Oma kam aus der Küche und jonglierte mit einem Tablett. „Lasst es Euch schmecken. Ist nicht zu süß!“ Glühwein und selbst gebackene Plätzchen brachte sie uns. Lecker! Für den Abschluss eines Weihnachtsbaumkauftages genau das Richtige.

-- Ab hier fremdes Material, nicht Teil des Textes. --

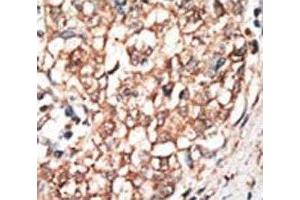 IHC analysis of FFPE human hepatocarcinoma tissue stained with the BMPR1B antibody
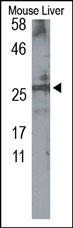MPZ / P0 Antibody - The Myelin P0 Protein Antibody is used at 1:100 in Western blot to detect Myelin P0 in mouse liver lysates.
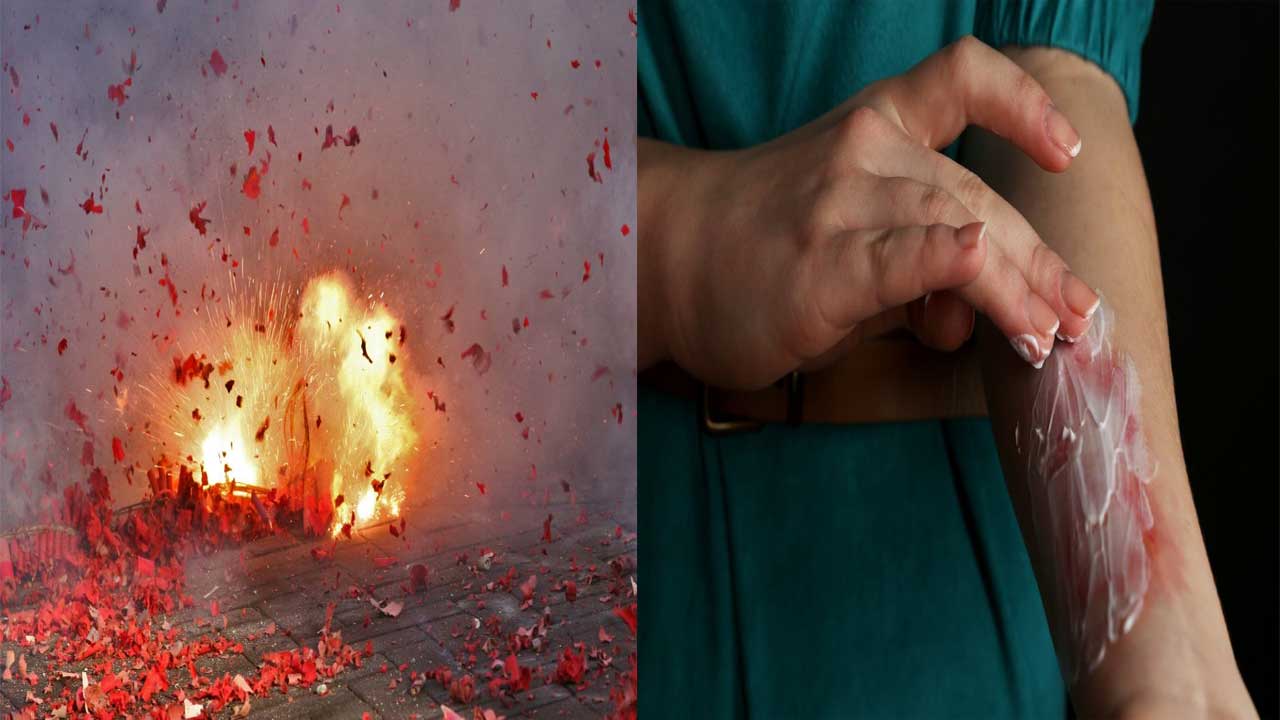 Diwali 2025: టపాకాయలు కాల్చడంలో గాయాలయ్యాయా..? ఇంటి వద్దే సురక్షిత చికిత్స ఇలా చేసుకోండి.!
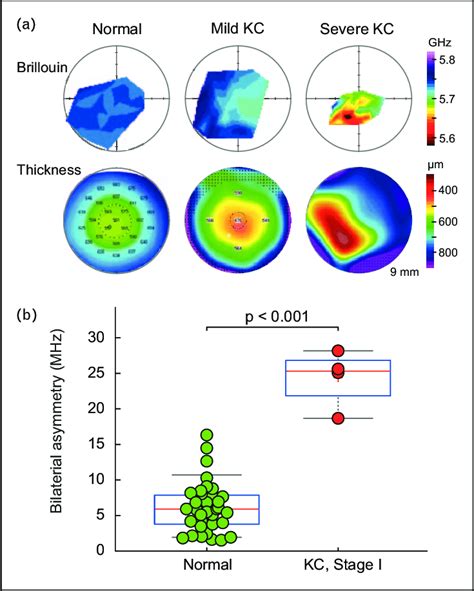 Brillouin Measurement Of Keratoconus Patients A Brillouin Maps And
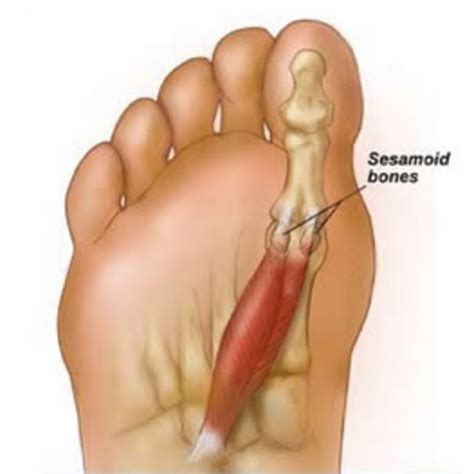 Sesamoiditis and the Sesamoid Bones | HubPages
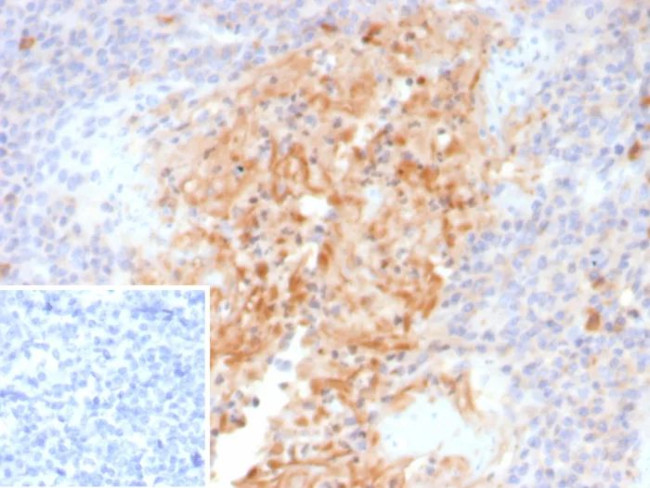 Alpha-1-Antitrypsin (SERPINA1) (Hepatocellular and Histiocytic Marker) Antibody in Immunohistochemistry (Paraffin) (IHC (P))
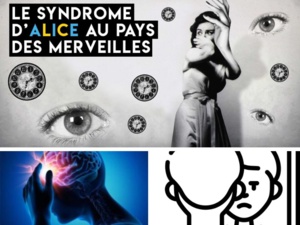 Le syndrome d'Alice au pays des merveilles, cette affection neurologique qui provoque des perturbations visuelles Le syndrome d'Alice au pays des merveilles, cette affection neurologique qui provoque des perturbations visuelles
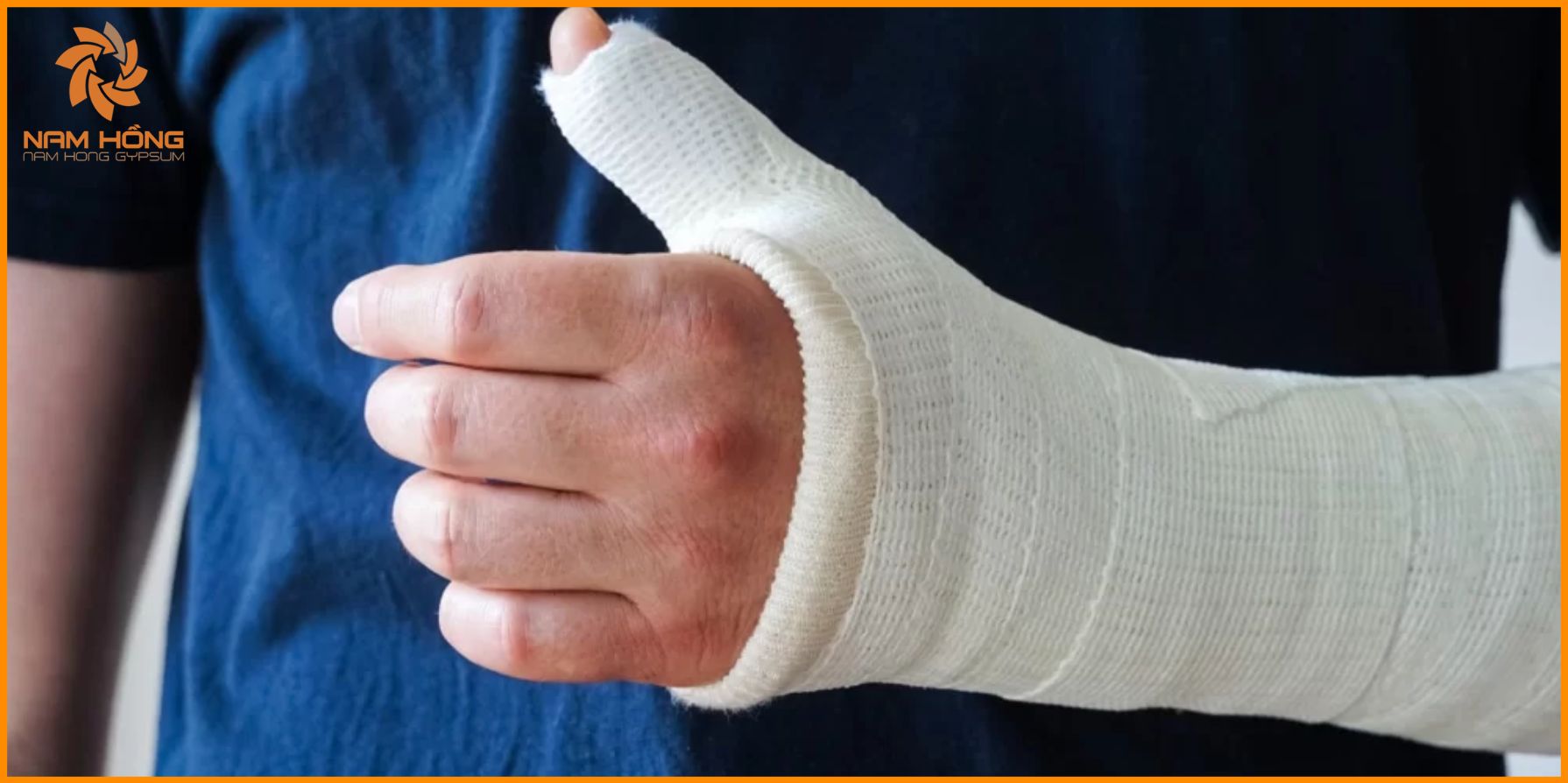 Bột thạch cao y tế là gì?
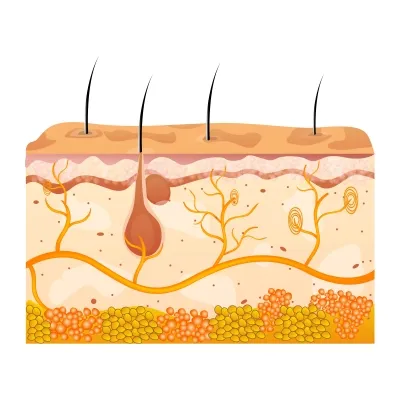 Dermatologie în Israel, tratamentul pielii cu metode moderne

Die Tage vergingen. Letzte Geschenke wurden gekauft oder gebastelt. Stollenpakete an die Verwandten in Westdeutschland gingen auf die Reise, besonders schwere Päckchen und Pakete von dort durften wir auf der nur um Weihnachten in einem privaten Keller untergebrachten Behelfspoststelle auf der Beilstraße abholen. Natürlich mit Handwagen. Schnee für eine entsprechende Schlittenfahrt fehlte.
An jenem Tag sollte der erste Schnee des Winters fallen. Nichts passierte. Na, noch blieb Zeit. Die zwei letzten Arbeitstage vor Weihnachten begannen. Nun stand sogar in unserer schulischen Frühstücksecke ein Weihnachtsstrauß. Brachte ich mit. Die Äste waren übrig.
Traditionell, wie an jedem 23. Dezember, holte ich den Baumschmuck aus der Dachkammer. Winterlich sah es ums Haus und auf dem Balkon aus. Der Schnee blieb endlich doch liegen. Meine Ferien begannen und vor Neujahr sah mich die Schule sicher nicht wieder. Vorsichtig stellte ich die Kartons mit den schon von Urgroßmutter geerbten Kugeln und einer mundgeblasenen Baumspitze in eine Ecke des Wohnzimmers.
Morgen, Kinder, wird geschmückt!, dachte ich dabei.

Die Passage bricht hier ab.